市、5万5000人に避難勧告
80人体制で対応/平良庁舎に警戒本部設置
市は7日午前11時、大型で非常に強い勢力の台風8号宮古島への接近予報を受けて、防災対策本部会議を開き、下地敏彦市長を本部長とする「警戒本部」を市役所平良庁舎に設置した。同日午後4時13分、気象庁の暴風警報発令に伴い、市職員80人(消防を除く)で警戒体制に入った。午後4時40分、防災無線を通じて市民に警戒を呼び掛けるとともに、公用車を市内に巡回させ、市民への呼び掛けとパトロールを行った。同午後6時20分に暴風・波浪特別警報が発令されたことから、市は警戒体制を強化した。
市は同日午後10時に宮古島市すべての約2万5000戸、市民5万5000人に対し「避難勧告」を決定し発表した。避難勧告を受けて16世帯30人(8日正午現在)が平良庁舎などの避難所へ避難した。
8日正午までに平良庁舎12世帯21人、城辺庁舎1世帯2人、下地公民館2世帯6人、伊良部庁舎1世帯1人が避難している。
避難所の平良庁舎では8日、ソファーに座ってテレビのニュースを見る避難者や、床に敷かれたシートの上で毛布を被って体を休める人の姿が見られた。
平良西原から避難してきたという高齢者夫婦の男性(77)は「台風のニュースを見て、妻と一緒に市内量販店に買い物に来たが、家が老朽化しているということもあり、そのまま避難所で過ごすことを決めた。食料の支給もあるので、不便を感じていない」と話していた。

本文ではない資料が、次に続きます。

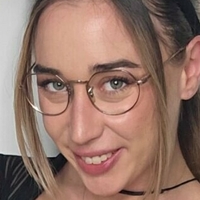 даникикс Голе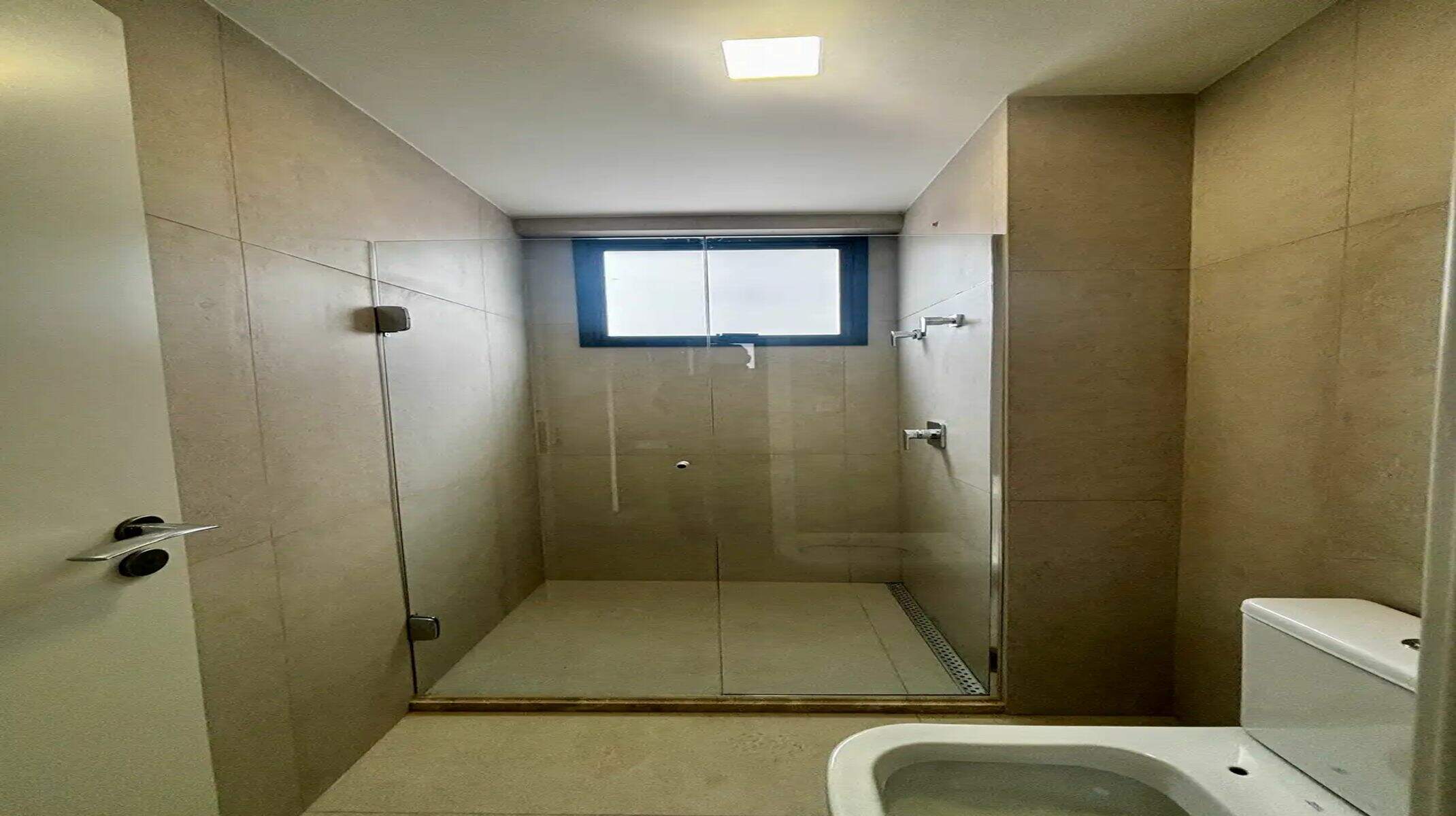 Apartamento, 3 quartos, 110 m² - Foto 23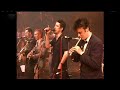 Streams Of Whiskey - The Pogues, 1987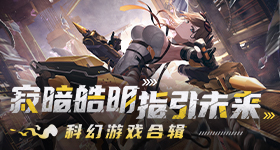 盒马郑重道歉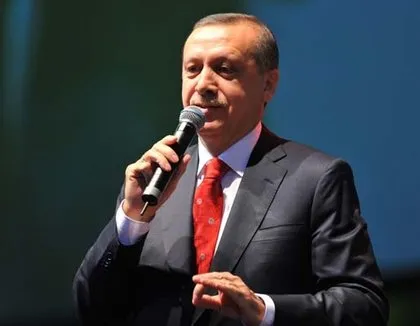 Erdoğan’ın vazgeçemediği 41 isim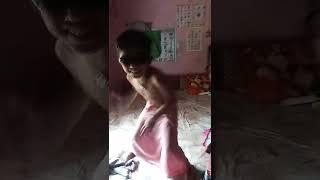 #Lungi_dance #funny video #short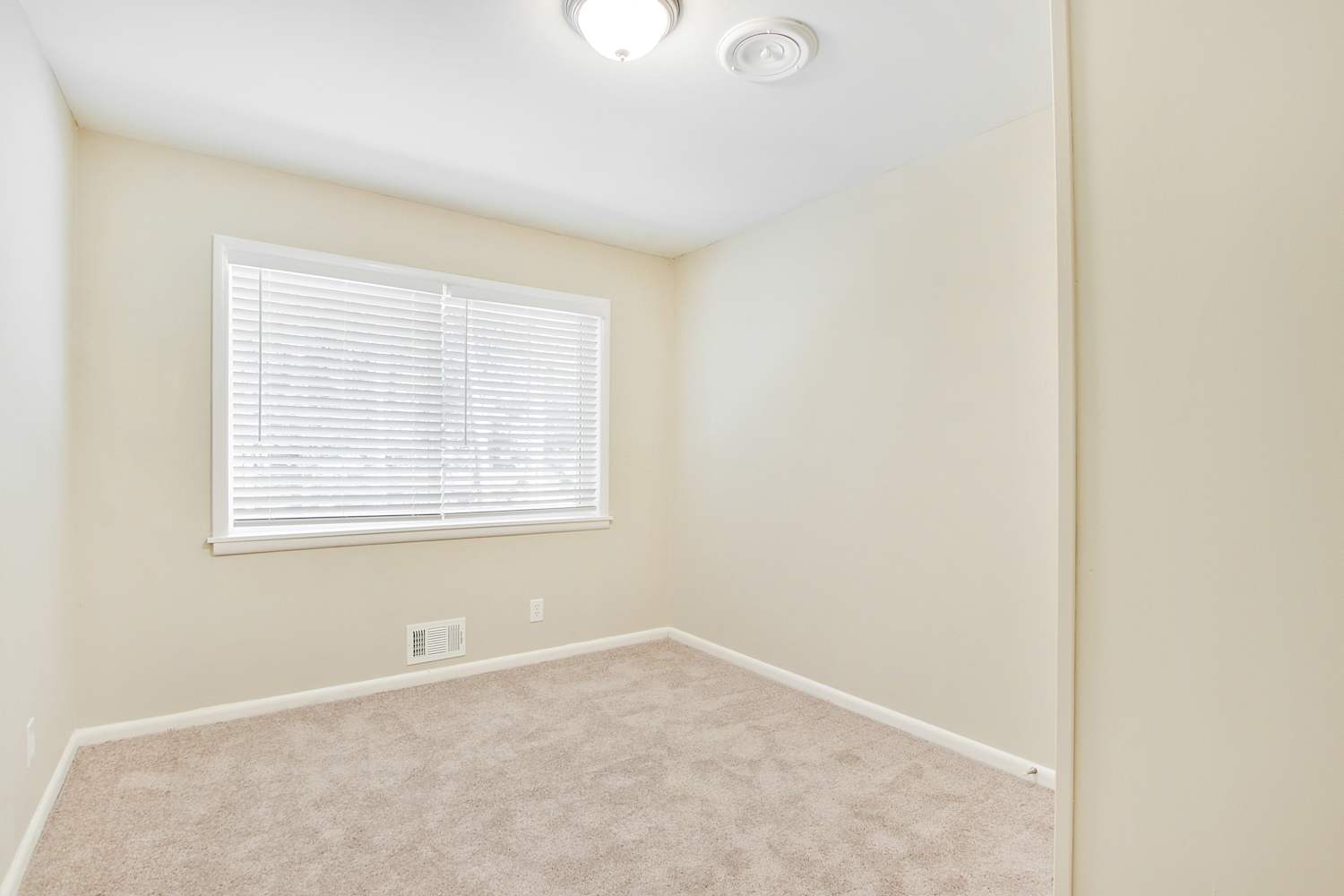 3873 W Hilda Cir, Decatur photo 20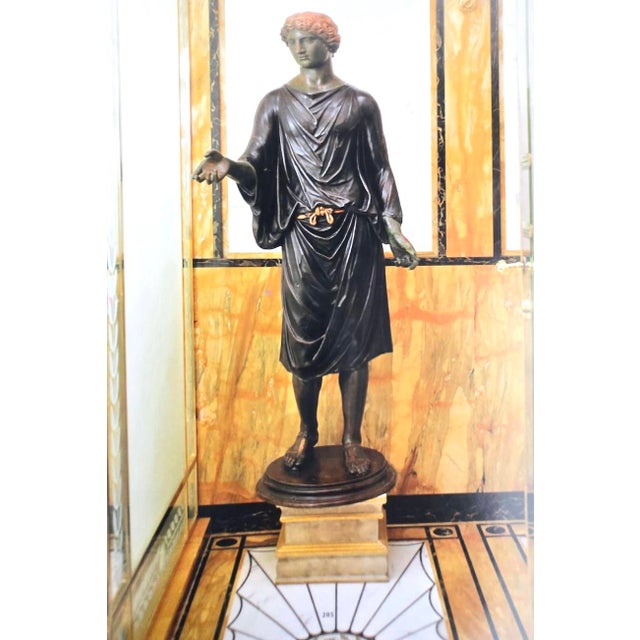 Ih Sotheby's Catalog Gianni Versace Collection 5/21/2005 For Sale - Image 14 of 18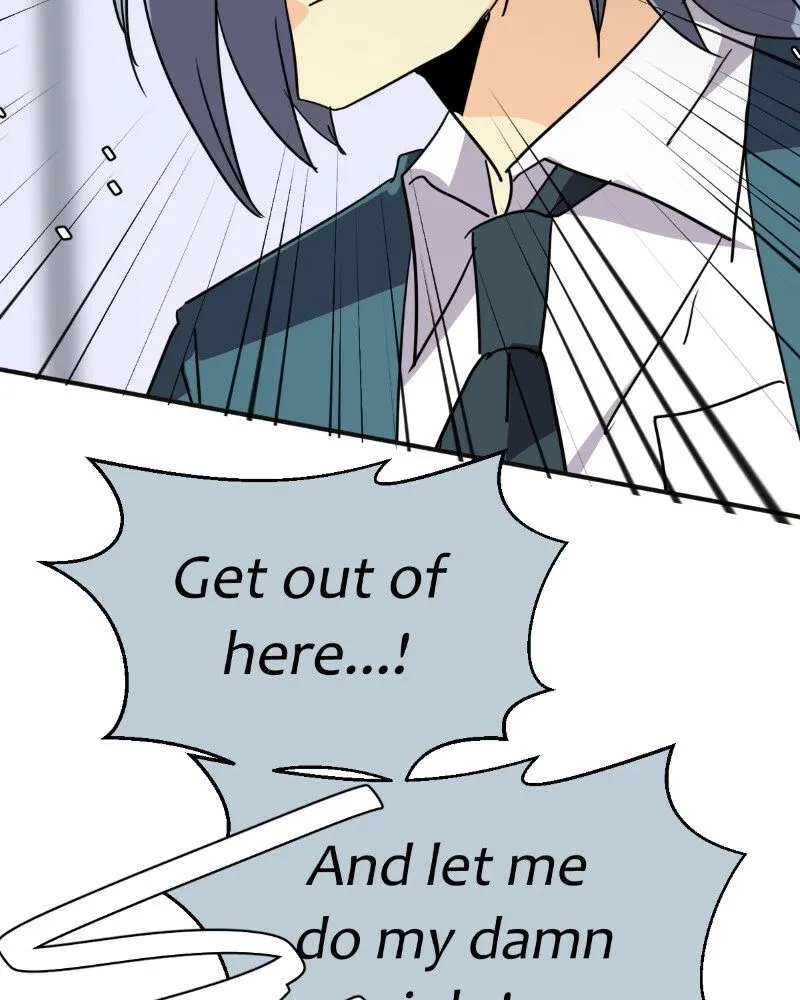 Read unOrdinary chapter 339 image 157 on Lezhin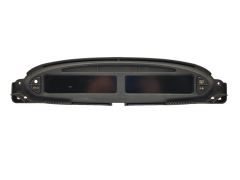 Hastighetsmätare Citroen Xsara Picasso 9641164080 2536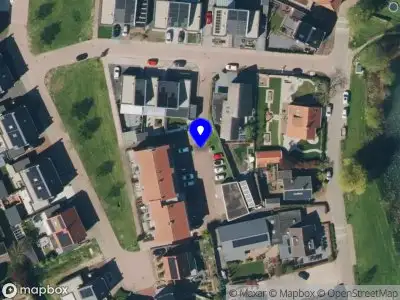 Bouwvergunning Kleine Wiel  Beneden-Leeuwen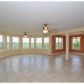 55 Trestle Pointe, Toccoa, GA 30577 ID:15148085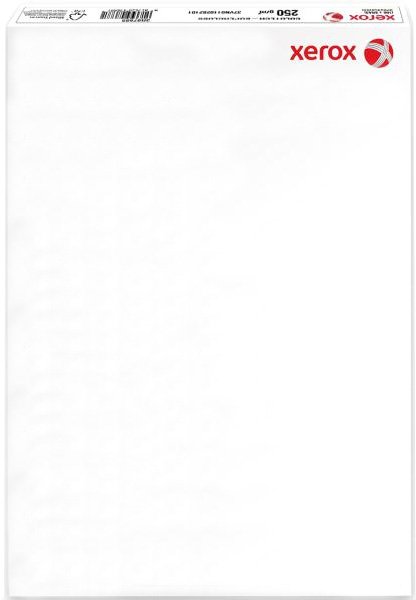 

Офисная бумага Xerox Line Embossed SRA3, 100л (250 г/м2) [007R96572]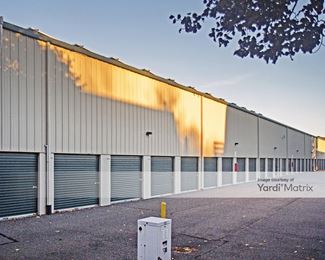 Photo 4 of Storage Post - 280 Broadway, Huntington Station, NY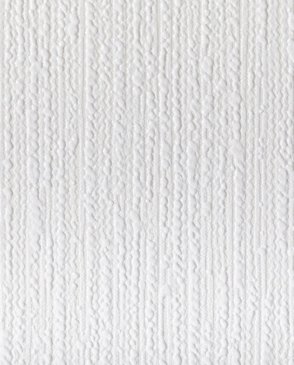 Обои под покраску Antivandal 4010-18 изображение 0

また、平良鏡原から避難してきたという1人暮らしの男性(41)は「避難勧告が出たことを午後10時のニュースで知った。11年前の台風のような被害が出るとのことだったので、避難することを考えていた。特別警報が出たにも関わらず、避難所が設けられたのは、それからずっと後だった。市の対応が遅いと感じている」と話した。
避難者の中には15㍍の「高波」を「津波」と勘違いして沿岸部の住まいでもないのに、暴風の中を避難して来たという人もいたことから、今後の「特別警報」の発表のあり方に課題が残りそうだ。